If Republicans have allowed their traditional “process” scruples to be eclipsed by their substantive desire for a particular outcome, at least the outcome they want is morally defensible: to prevent an innocent woman from being starved to death.

But what about the liberals?

Many have recently become born again “process conservatives” talking about how government should not intrude in family matters, and how the principle of federalism was trampled on by Congressional Republicans who thrust Congress into the issue.

To say their protestations lack credibility is more than an understatement. Their protestations stink to high heaven. They have long aggressively pushed government into family matters – promoting the right of a teenage girl to have a government funded abortion without her parents even knowing about it, much less giving their consent. They now resist the notion that government may intervene to prevent a man from killing his wife.

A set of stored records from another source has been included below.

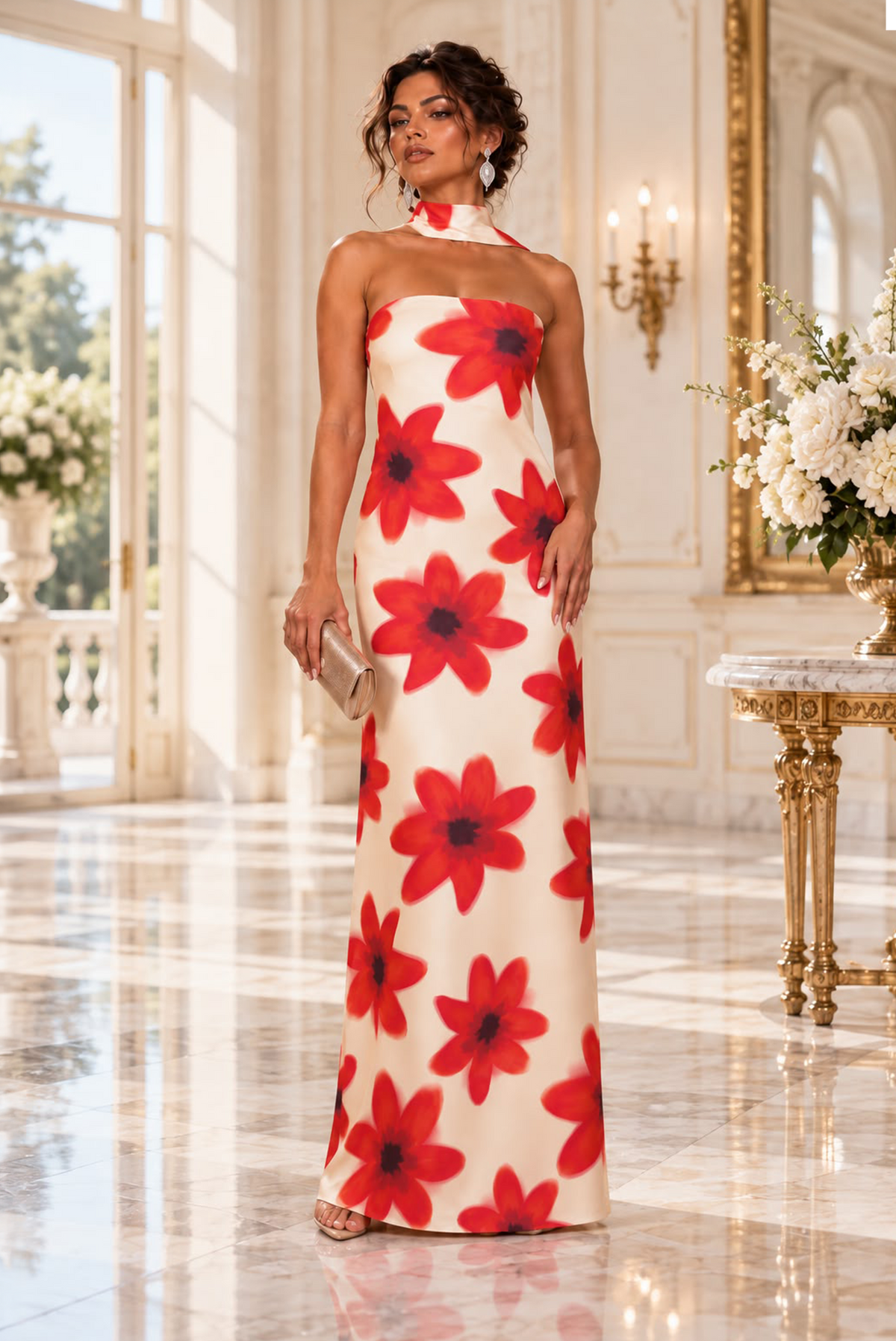 Envision Red Floral Maxi Dress w/ Neck Scarf
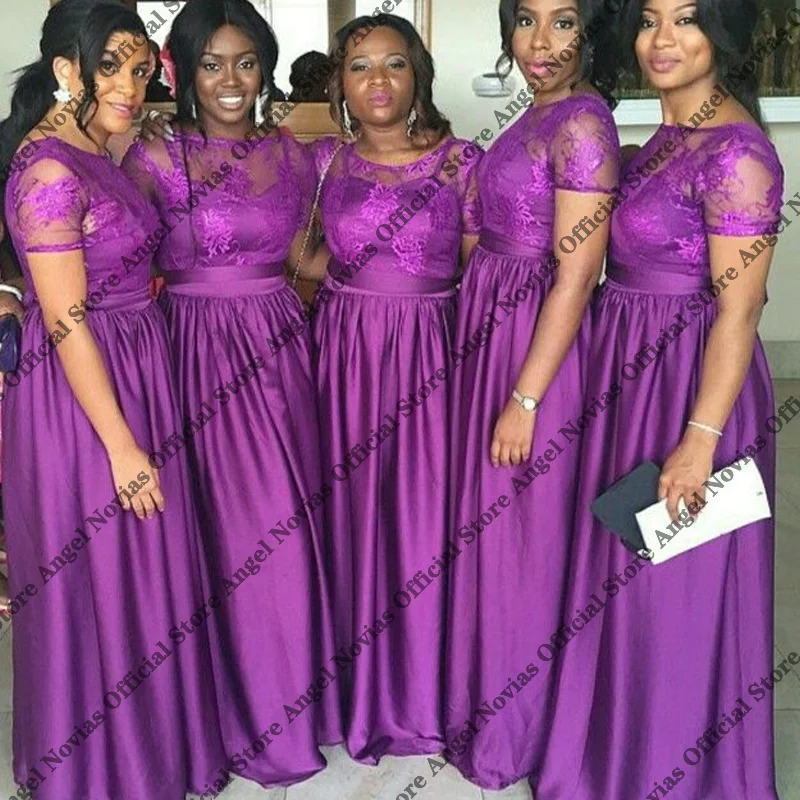 

Short Sleeves Plus Size Purple Bridesmaid Dresses 2026 for Wedding Party Dresses vestido madrinhas casamento Customized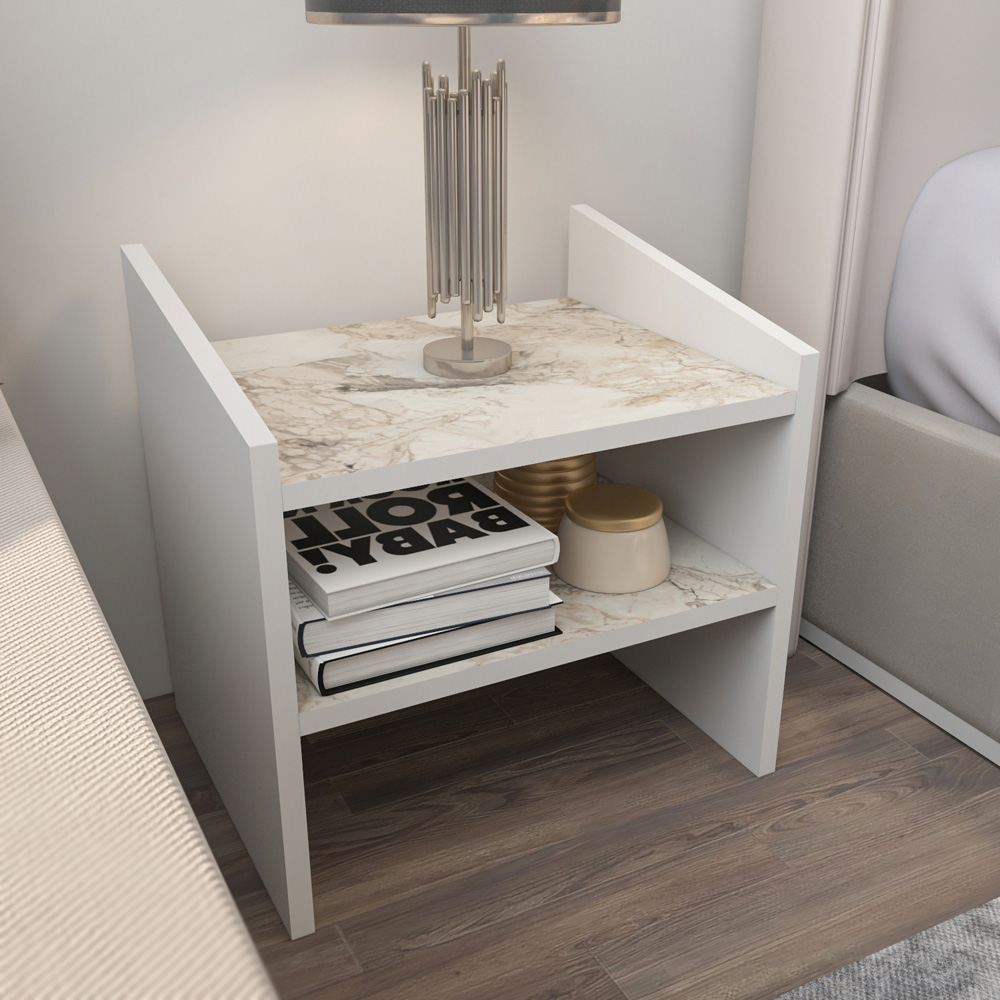 Decorotika Adin 2 Shelf White Ephesus Bedside Table Image 4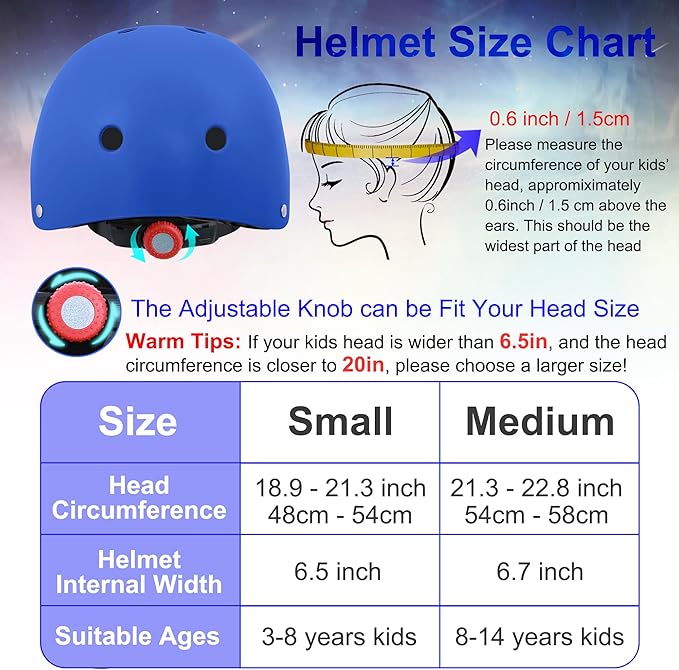 Kids Bike Helmet with DIY Stickers and Knee Pads Elbow Pads Wrist Guard Set for Ages 3-8-14 Toddler Boys Girls Helmet for Roller Skates Cycling Skateboarding Bicycle Scooter-BubblyBeeBaby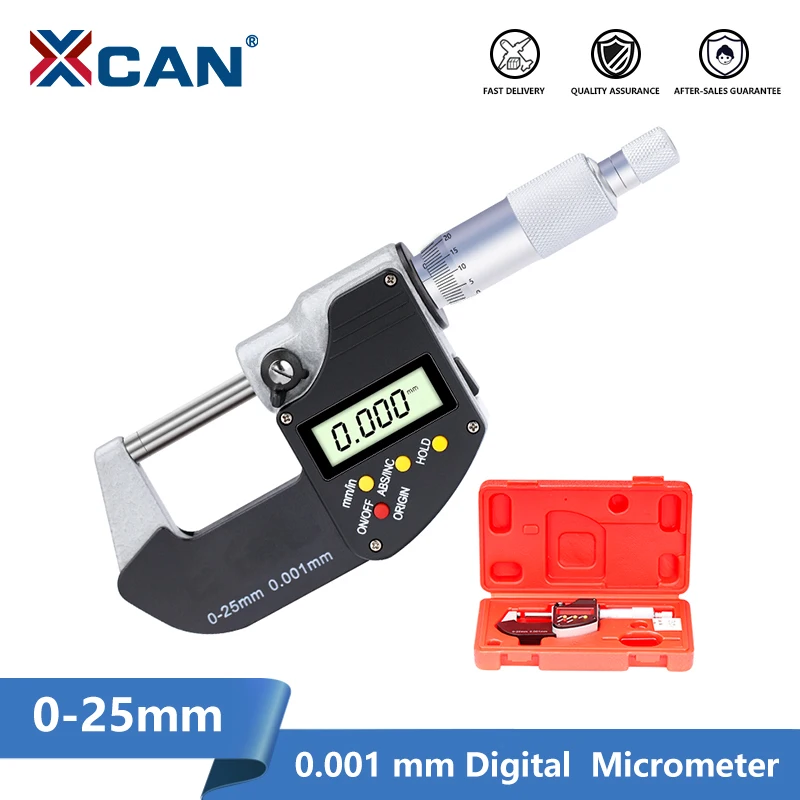 

Цифровой микрометр XCAN 0-25 мм, Электронный микрометр 0,001 мм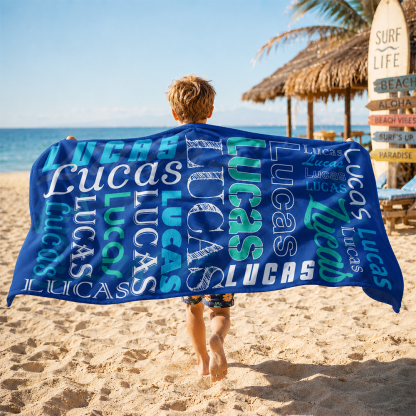 Custom name collage beach towel used for summer vacations, beach trips, and outdoor relaxation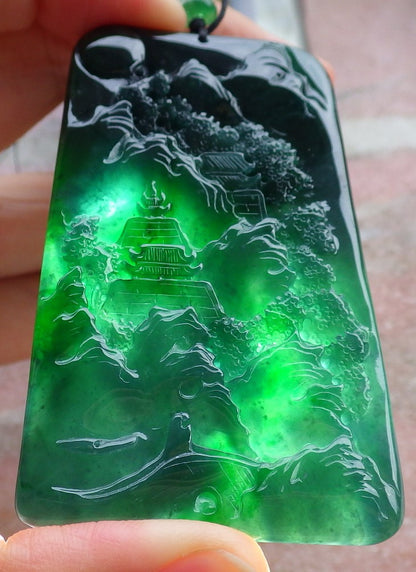 Certified Icy Green Burma 100% Natural A Jade jadeite Landscape painting Tree Necklace Necklace 山水画 641581  TN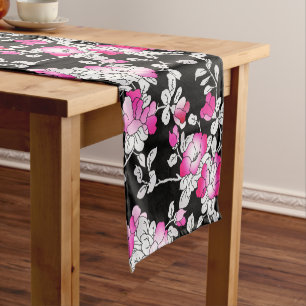 Elegant Fuchsia Pink White Black Floral Pattern Short Table Runner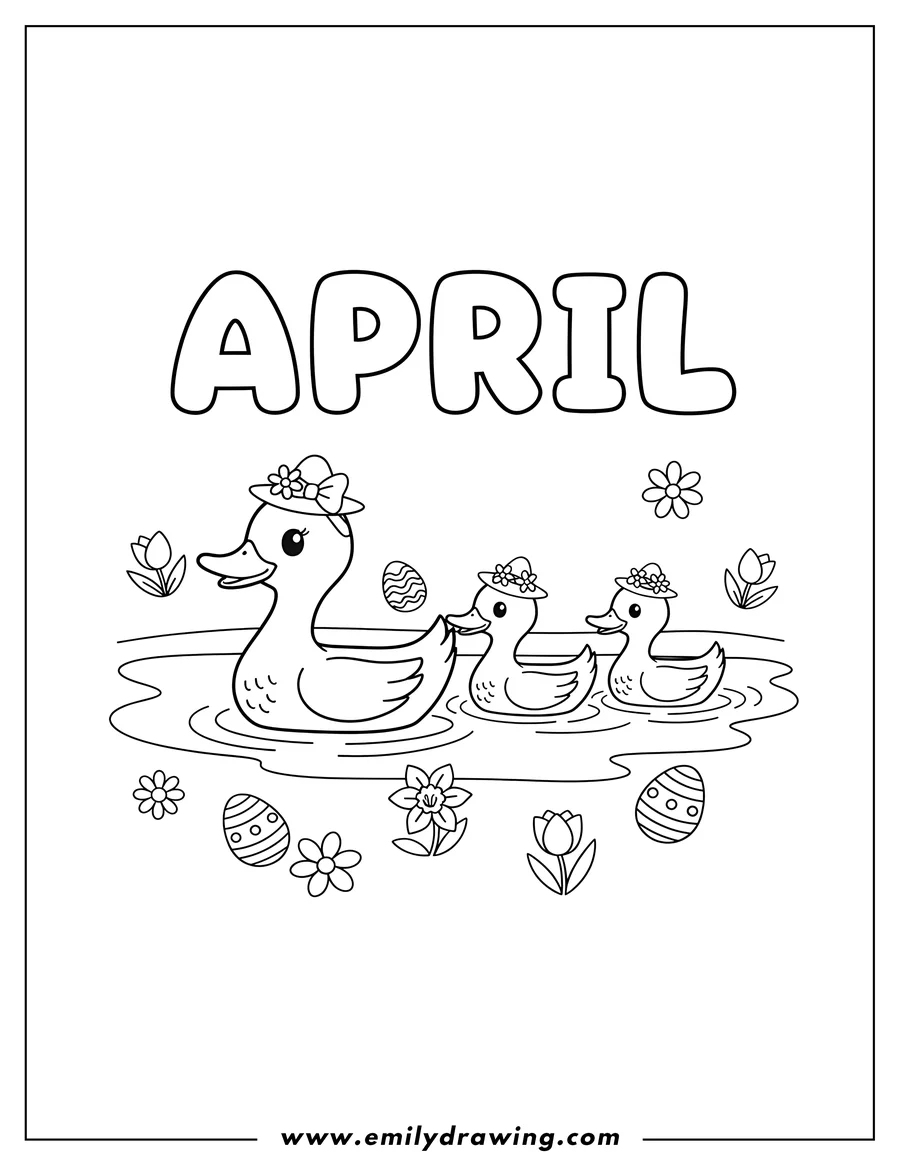 Coloring page of april Easter V3, featuring the word 'April' above three swimming ducks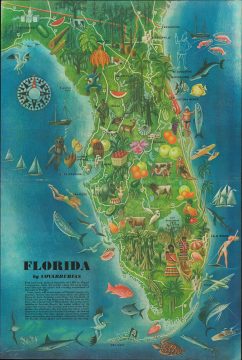 1946 Covarrubias Pictorial Tourist Map of Florida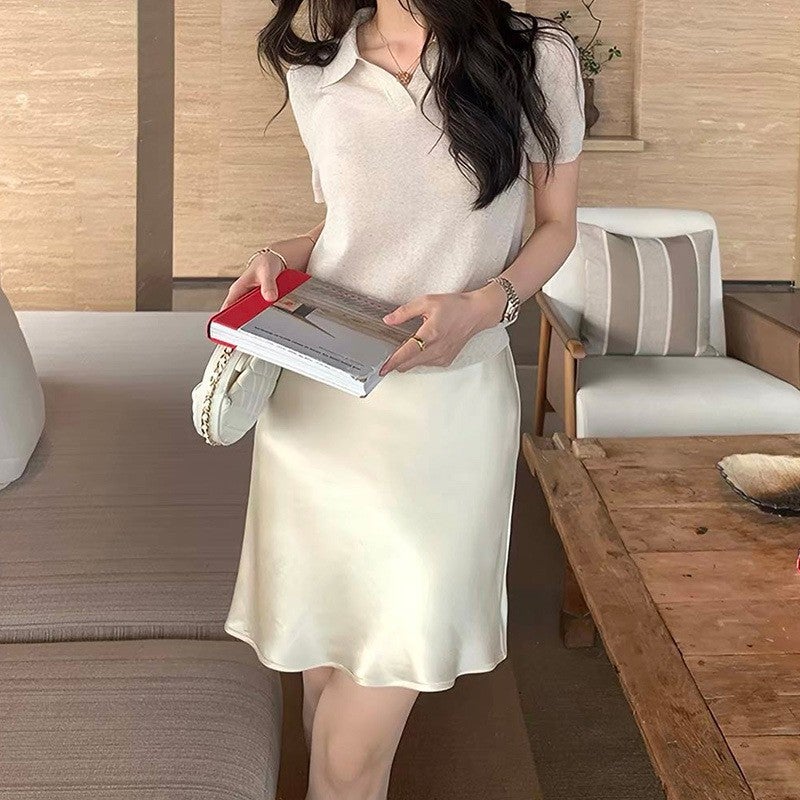Acetate Satin Pencil Skirt for Women - Image 1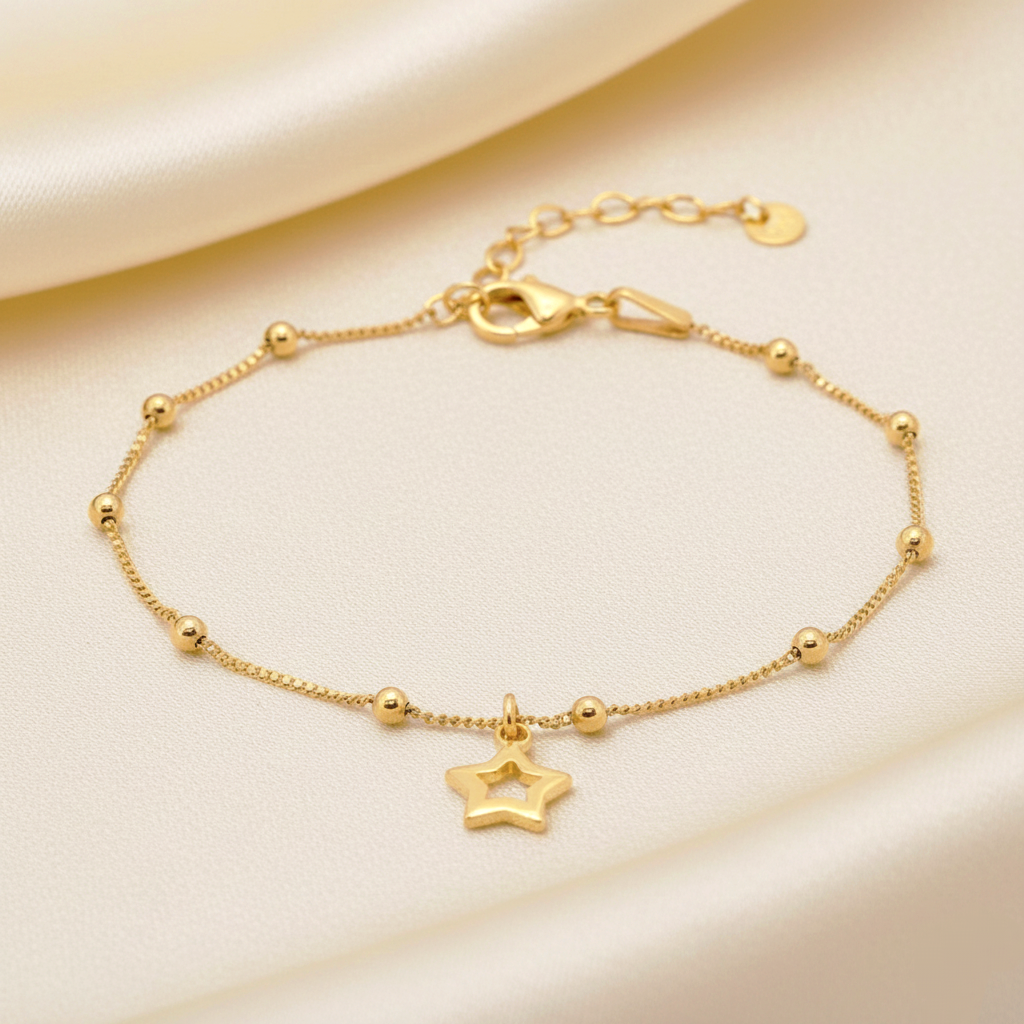 Pulsera Cadena de Bolas y Estrella Colgante Ajustable en Plata de Ley 925 Bañada en Oro de 18K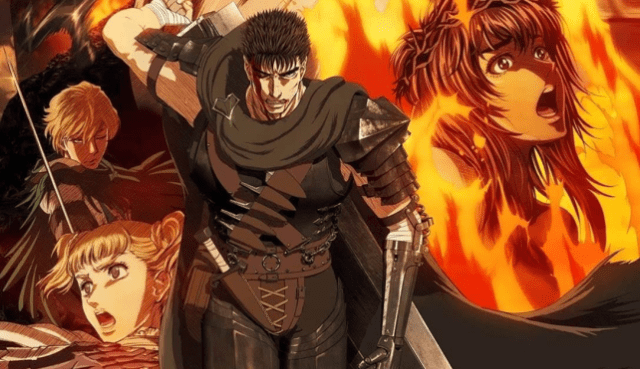 Guts es un mercenario errante que conoció la guerra y la muerte desde que nació de un cadáver colgando, salvado por su madre adoptiva, quien murió de la peste cuando solo tiene tres años. Fue criado adoptivo y entrenado como mercenario por su padre adoptivo Gambino.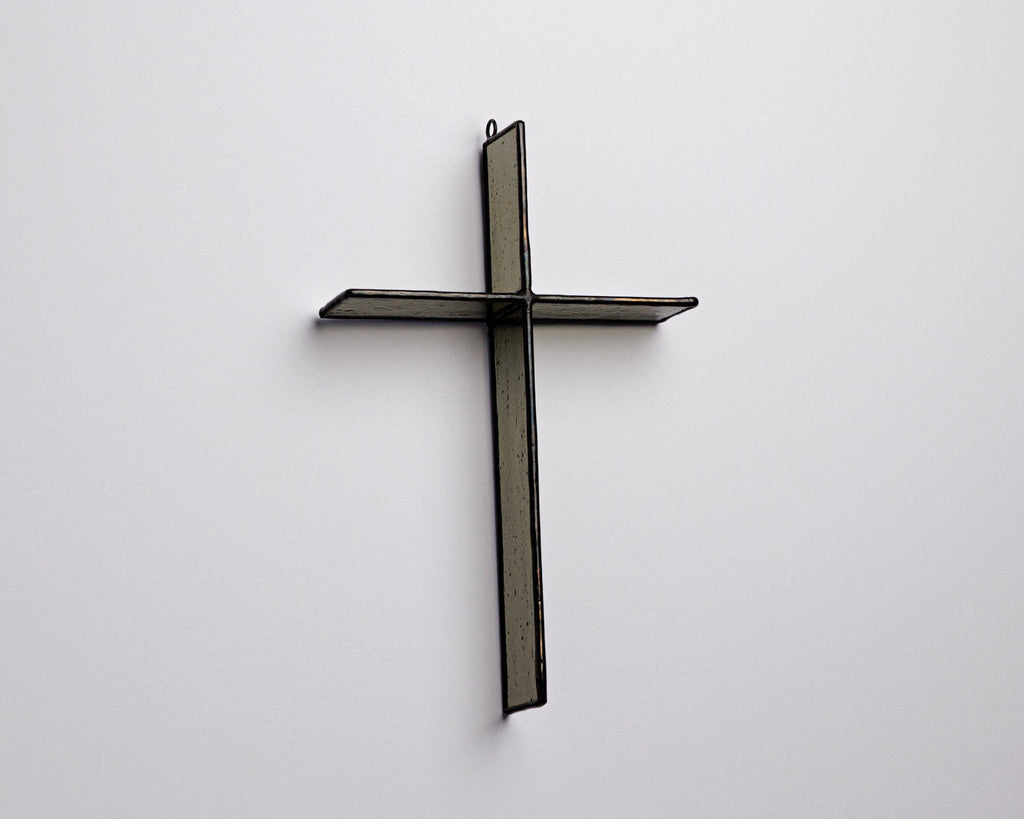 Greyhouse Glass Warm Stone Cross - Handcrafted Suncatcher
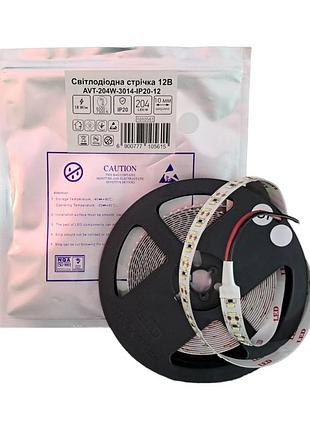 Світлодіодна стрічка avt 12v 204led/m 18w smd3014 6000-6500k білий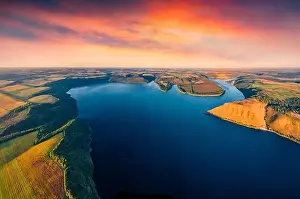 Marvelous Prints: Beautiful summer scenery. Colorful morning view from flying drone of Bakotska Bay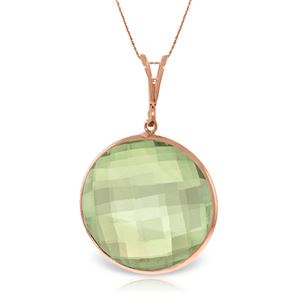 ALARRI 14K Solid Rose Gold Necklace w/ Checkerboard Cut Round Green Amethyst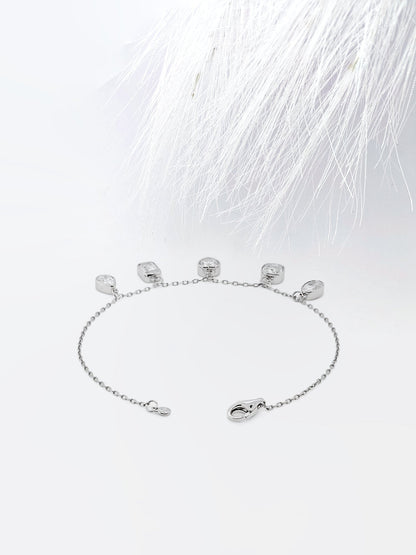 Mix Shape Moissanite Bezel Set Anniversary Bracelet For Her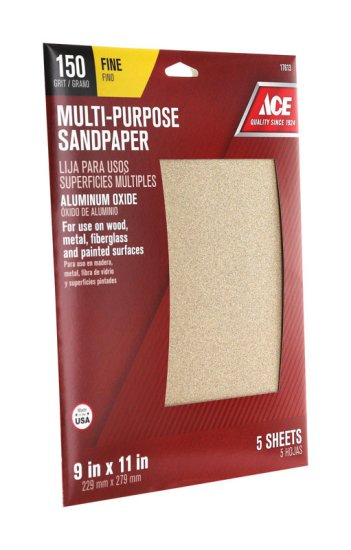 11 in. L x 9 in. W 150 Grit Aluminum Oxide Sandpaper 5 pk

Liberals have long crusaded for the Federal government to infringe on the traditional prerogatives of the states. In 1994, for example, they passed the Violence Against Women Act which made domestic abuse, something always a matter of state law, an issue for the Federal government. Then they were willing to use the power of Washington to prevent Michael Schiavo from beating his wife. Now they have scruples about using Federal power to keep him from killing her.

If the liberals are such strong believers in Federalism, they should have no objection to Florida state government trying to rescue Terri. But they scoff at the efforts of Governor Jeb Bush’s administration to help her, and when the Florida legislature passed a bill to save her life, a liberal activist Florida Supreme Court struck it down as unconstitutional.

So much for the right of states to legislate in matters of family law.

If liberals aren’t motivated by “process” concerns, what substantive values guide their politics? The right to “die with dignity?” Terri wasn’t dying until they removed her feeding tube. To relieve her suffering? If she is really vegetative, as they claim, she can’t be feeling any pain.

The real issue, rather obviously, is the value that society attaches to human life, which of course brings us to abortion. But the issues are substantially different. Forcing a woman to carry a baby to term is most certainly an imposition – justified or not. But Michael Schiavo could have avoided any imposition on his freedom by simply divorcing Terri. Indeed, Terri hasn’t been much of an imposition on his freedom, since he has had two children by his live-in girlfriend while being married to Terri.

What has happened is that the Culture of Death has taken on a momentum all its own. It’s become simply a matter of principle that inconvenient people need to be done away with.

The willingness of Terri’s parents to love and care for a severely brain-damaged daughter is a rebuke to every pregnant woman who thinks that Downs Syndrome is a good reason to have an abortion. Their tireless efforts for her are a rebuke to every pregnant women who gets an abortion because she doesn’t want to change dirty diapers, or get up for 3:00 a.m. feedings. People like Terri’s parents must, of course, be demeaned and scorned and marginalized when they can’t be ignored. Else people might get the idea that human life is indeed a paramount value.

Thus Republican conservatives have at least compromised their principles for a good reason. They don’t like seeing innocent people killed.